Dovevo fare pipì, chiamai più volte gli inservienti quando,
finalmente, un uomo grasso e calvo si decise ad aprire la porta; gli
dissi che dovevo andare in bagno ma mi rispose che potevo
tranquillamente farmela addosso. Ero esterrefatta, avevo la forza di
alzarmi, perché dovevo rimanere lì, legata e pisciarmi addosso?
L'uomo
mi si avvicinò, si slacciò i pantaloni e dopo aver tirato fuori il
pene si masturbò sul mio corpo.
Non
riuscivo a dormire, ero stanca, ma il sonno mi spaventava. Rimanevo
ferma, nuda, la notte sentivo un po' di freddo ma non mi davano nulla
per coprirmi. Passai svariate notti a pensare a Francesco, la mia
vita stava prendendo un buon passo e proprio mentre stavo tornando ad
essere felice, tutto era crollato.
Mi
slegarono sette giorni dopo, avevo pisciato e cagato nel buco che
c'era al centro del letto e che finiva in un altro buco sul
pavimento. Mi gettarono le mutandine sul seno e m'accompagnarono in
stanza.
Insieme
a me c'era un'altra ragazza, molto giovane, scarna, in mutande. Era
seduta a terra e guardava in basso. Non alzò lo sguardo nemmeno
quando la porta si aprì ed io mi misi stesa sul letto, gettandomi
addosso un grande lenzuolo bianco. Per un'ora al giorno io e Anna
uscivamo all'aria. Camminavamo in tondo percorrendo il perimetro del
cortile. Anna era stata trasferita da poco, era stata tre anni a
Civitavecchia nel centro di cura mentale e solo da poche settimane si
trovava qui a Montelupo. Era depressa. Per colpa della madre si
trovava internata. La mamma, preoccupata dalla vita sociale di Anna,
che tornava la sera tardi ed usciva tutti i giorni, la fece visitare
dalla propria dottoressa, una visita di controllo – mentale. Fu
rinchiusa. Anna era stata adottata all'età di sette anni e si era
trasferita a Torino con la nuova famiglia. Fino a quel giorno pensava
di essere stata accettata.
Un
pomeriggio, con il sole che faticava ad affacciarsi sul cortile, fui
chiamata da un inserviente, avevo una visita. Non sapevo chi potesse
essere, ma quando mi misi seduta poggiando i gomiti al tavolino con
gli occhi chiusi fra le mani e pensai, sperai tanto che fosse lui. Mi
poggiò la mano sui capelli e mi accarezzo, piansi. Erano mesi che
non avevo un gesto d'affetto. Francesco si mise seduto al mio fianco
e mi prese la mano. Mi disse che stava facendo tutto il possibile per
farmi uscire, aveva contattato un suo amico avvocato e gli aveva
posto il caso. C'erano buone speranze. Io lo guardavo senza stare
troppo a sentirlo, ero contenta che fosse qui, che io ancora facessi
parte della sua vita. Trascorsero veloci i venti minuti a
disposizione, ci alzammo e ci salutammo.
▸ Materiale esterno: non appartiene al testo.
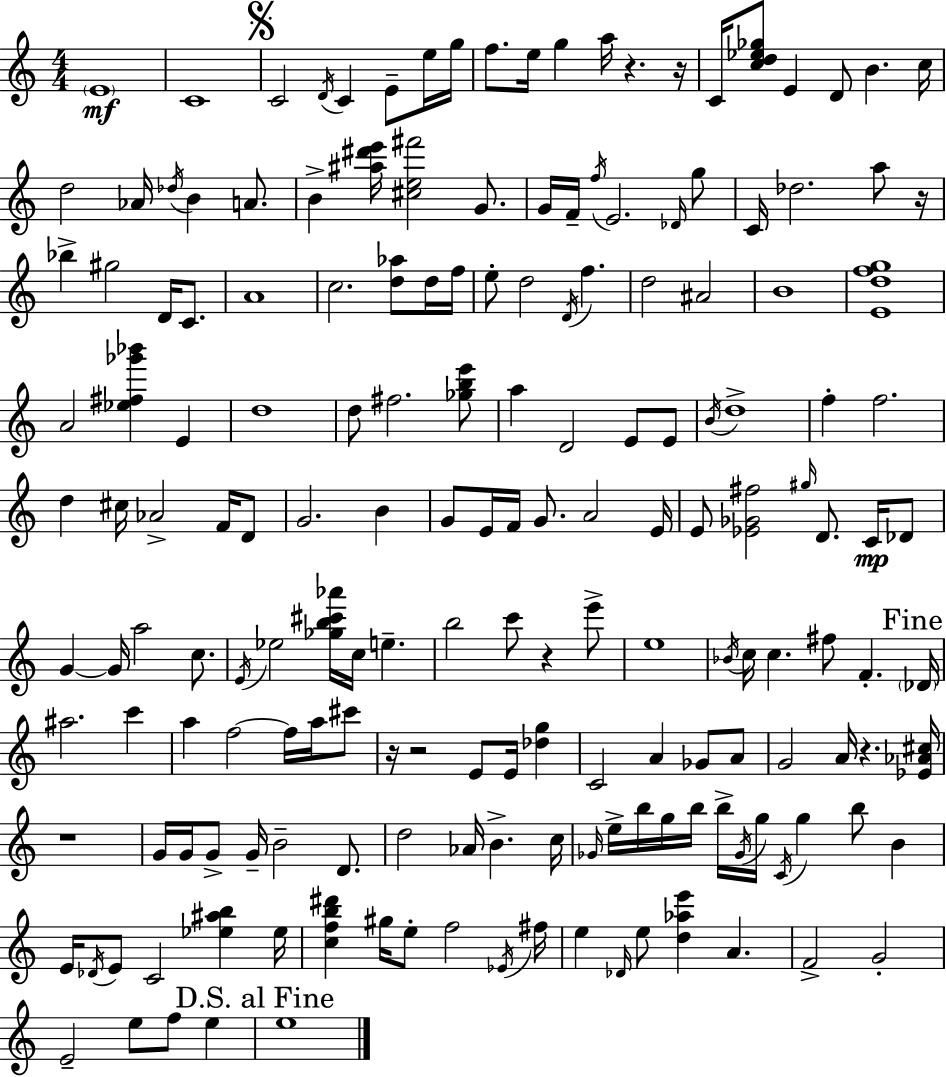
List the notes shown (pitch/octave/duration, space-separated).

E4/w C4/w C4/h D4/s C4/q E4/e E5/s G5/s F5/e. E5/s G5/q A5/s R/q. R/s C4/s [C5,D5,Eb5,Gb5]/e E4/q D4/e B4/q. C5/s D5/h Ab4/s Db5/s B4/q A4/e. B4/q [A#5,D#6,E6]/s [C#5,E5,F#6]/h G4/e. G4/s F4/s F5/s E4/h. Db4/s G5/e C4/s Db5/h. A5/e R/s Bb5/q G#5/h D4/s C4/e. A4/w C5/h. [D5,Ab5]/e D5/s F5/s E5/e D5/h D4/s F5/q. D5/h A#4/h B4/w [E4,D5,F5,G5]/w A4/h [Eb5,F#5,Gb6,Bb6]/q E4/q D5/w D5/e F#5/h. [Gb5,B5,E6]/e A5/q D4/h E4/e E4/e B4/s D5/w F5/q F5/h. D5/q C#5/s Ab4/h F4/s D4/e G4/h. B4/q G4/e E4/s F4/s G4/e. A4/h E4/s E4/e [Eb4,Gb4,F#5]/h G#5/s D4/e. C4/s Db4/e G4/q G4/s A5/h C5/e. E4/s Eb5/h [Gb5,B5,C#6,Ab6]/s C5/s E5/q. B5/h C6/e R/q E6/e E5/w Bb4/s C5/s C5/q. F#5/e F4/q. Db4/s A#5/h. C6/q A5/q F5/h F5/s A5/s C#6/e R/s R/h E4/e E4/s [Db5,G5]/q C4/h A4/q Gb4/e A4/e G4/h A4/s R/q. [Eb4,Ab4,C#5]/s R/w G4/s G4/s G4/e G4/s B4/h D4/e. D5/h Ab4/s B4/q. C5/s Gb4/s E5/s B5/s G5/s B5/s B5/s Gb4/s G5/s C4/s G5/q B5/e B4/q E4/s Db4/s E4/e C4/h [Eb5,A#5,B5]/q Eb5/s [C5,F5,B5,D#6]/q G#5/s E5/e F5/h Eb4/s F#5/s E5/q Db4/s E5/e [D5,Ab5,E6]/q A4/q. F4/h G4/h E4/h E5/e F5/e E5/q E5/w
Mi abbracciò con forza e mi
disse sussurrando, di guardare spesso dalla finestra, lui era là
fuori che mi aspettava.
Una
mattina mi svegliai sudata, gli occhi faticavano ad aprirsi, era
umido; mi guardai attorno in cerca del solito nulla ed invece trovai
Anna strangolata con le sue mutandine a righe. Strillai.
Chiamai
aiuto ma nessuno veniva, trascorse parecchio tempo prima che si
affacciasse un operatore.
Rimasi
sola nella stanza, spaventata.
Non
volevo perdermi, arrendermi e mi rifugiai nella poesia, come spesso
mi capitava nei momenti difficili. La porta di quella stanza, che era
prigione, fu poesia; il fetore di piscio, che quasi più non sentivo,
fu poesia; ed il mio corpo, nudo e scarno, divenne poesia. A volte
cadevo e posavo i palmi sul pavimento ma poi, mi alzavo e sognavo,
c'era pur sempre un uomo, là fuori, ad aspettarmi.
Uscii
dall'ospedale psichiatrico che avevo quarantasei anni.
Era
il quattordici gennaio quando Francesco con largo anticipo raggiunse
via Pasquale Saviotti e parcheggiò di fronte all'entrata. Nevicava.
Si mise comodo ed aspettò.
Marzia
si era vestita, e già questo era una novità, percorse il lungo
corridoio con sguardo fermo. Una donna le allungò un sacchetto con
dentro le sue cose, attraversò il cortile e si lasciò incantare
dalla neve che scendeva. Guardava i rami degli alberi, la neve che ne
abbondava e in quel momento capì di avercela fatta, non si era
mescolata con gli altri.
Come
neve
posata
sul ramo
quando
troppo abbonda
cade
lentamente a terra
confondendosi
al
manto bianco che tutto ricopre.
Le
aprirono la porta e senza salutare, uscì. Francesco era uscito
dall'auto e si precipitò verso di lei, lo aveva aspettato.
L'abbracciò,
le baciò le dolci labbra secche, e se ne andarono insieme come due
funamboli in equilibrio fra la realtà e i loro sogni.